The hydraulic boundary conditions are important for this calculation, because in coastal environments there are two main loads to consider: waves and wind setup. Waves are defined by their significant wave height and period, and are generated by a strong wind blowing over a large distance (the fetch). Wind setup occurs in shallow areas, where the wind “pushes” water up against the shore, causing an increase in the still water level. Both of these loads are dependent on the wind speed and water depth. We calculate waves using the Brettschneider equations, and setup using a simple 1D model. In summary the calculation process is as follows:
estimate: dike crest height, average elevation of the sea bottom offshore of the dike (the foreshore), still water level due to tides
estimate the wind speed, ideally using a probability distribution (extreme value!)
calculate the wave conditions
calculate the wind setup
calculate the overtopping discharge
This has been implemented in the function overtopping_discharge in the attached file utilities.py. Some preliminary work has already been done for you by defining the design values for some of the parameters in the equations. Your task is to calculate and interpret the reliability of the dike against overtopping by setting up a MCS and FORM analysis using the following random variables:
Variable |
Name |
Marginal distribution |
Mean |
c.o.v |
|---|---|---|---|---|
\(ob\) |
Bottom elevation [m+NAP] |
Normal |
-2.0 |
0.15 |
\(h\) |
Water surface elevation [m+NAP] |
Normal |
+2.0 |
0.10 |
\(u_{10}\) |
Wind speed [m/s] |
|
15.1 |
0.48 |
Note that you should define the WeibullMin distribution as WeibullMin(17, 2.2) using OpenTURNS (the inputs are the shape and scale parameters).the water surface elevation assumes a high tide situation, and the normal distribution represents the variability in high tide elevation observed throughout the year.

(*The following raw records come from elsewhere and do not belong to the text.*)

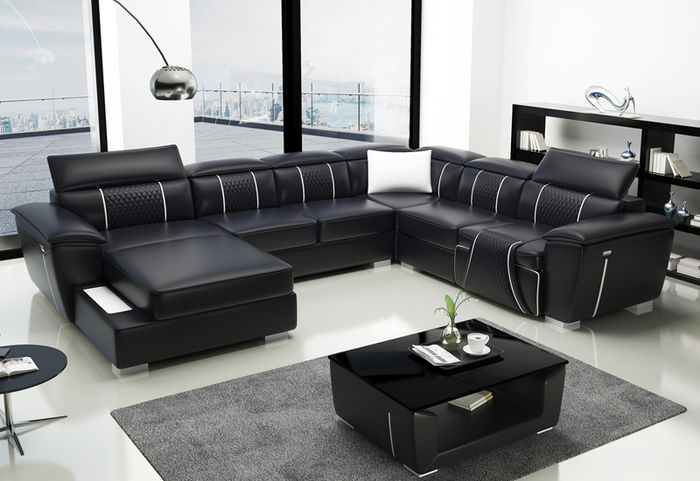 big U Form Ecksofa Sofa Couch Polster Garnitur Leder Textil Stoff Wohnlandschaft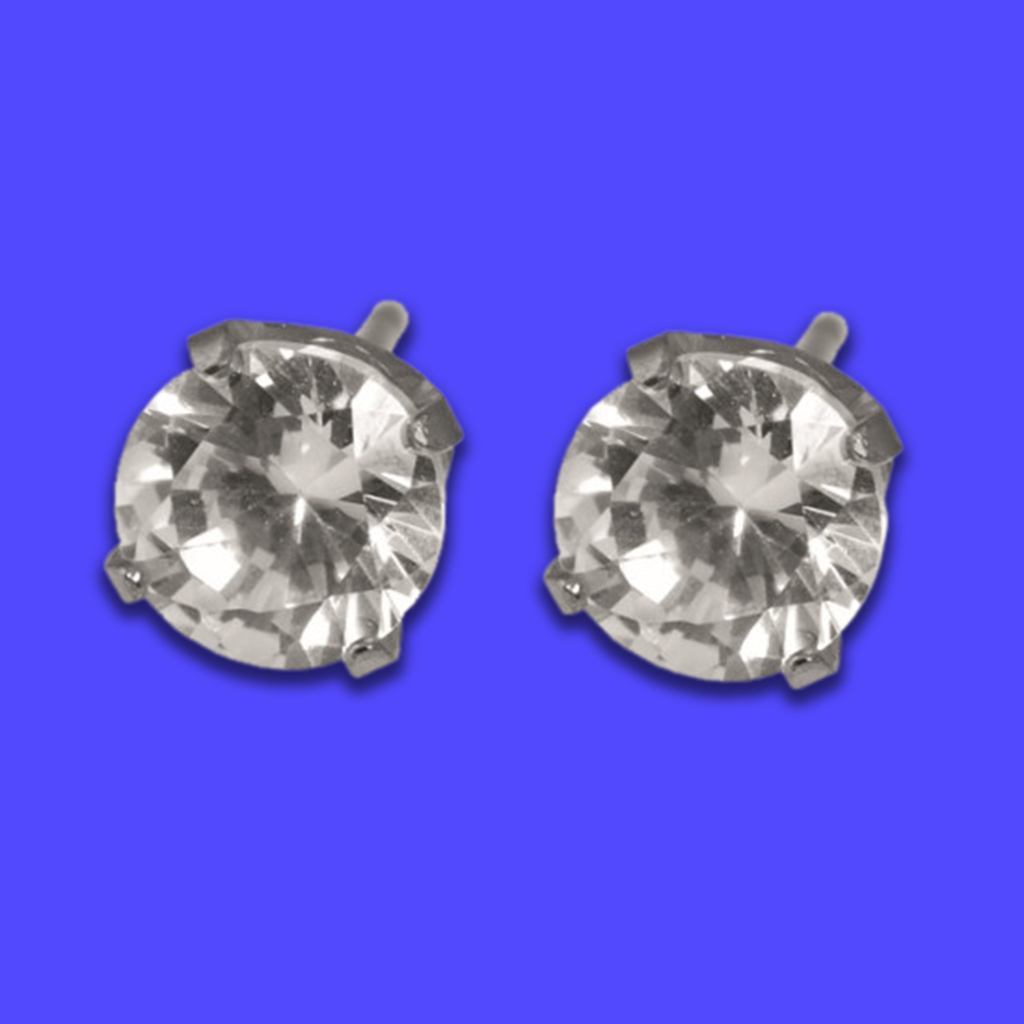 Caflon, Fashion Sense FJ5CZWS White 24K Gold-Plated Stud Earrings, Elegant 5mm white gold-plated stud earrings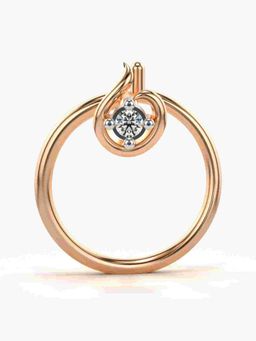 Valanova - Sterling Silver Rose Gold Plated and Certified Lab Grown Diamond 0.01Cts Nose Pin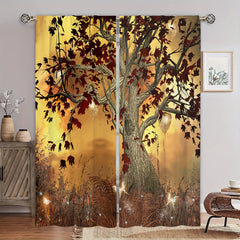 Golden Tree Scenery Rod Pocket Window Curtain for Home Decor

We know that there are two main hydraulic loads, caused by the wind, which govern overtopping discharge: wind setup and waves. Both of these are also dependent on the water depth, \(d=h-ob\).The figure below illustrates the magnitude of each, as a function of the water depth for the 95th percentile wind speed.
We can see that both effects have opposite relationships to water depth. Since both effects are also proportional to the overtopping discharge, it becomes difficult to establish what the “critical case” is to use in our dike design. Probabilistic methods can help us (by integrating across all combinations of loads), but in the end we still need to determine one set of design values which we will use to actually build the dike (in this case, freeboard). Finding an answer to this question and understanding the role of uncertainty in the solution is one of the main themes of this workshop.
Note
This page is generated from an *.ipynb file and is accompanied by a *.py file, all of which can be downloaded using the link below.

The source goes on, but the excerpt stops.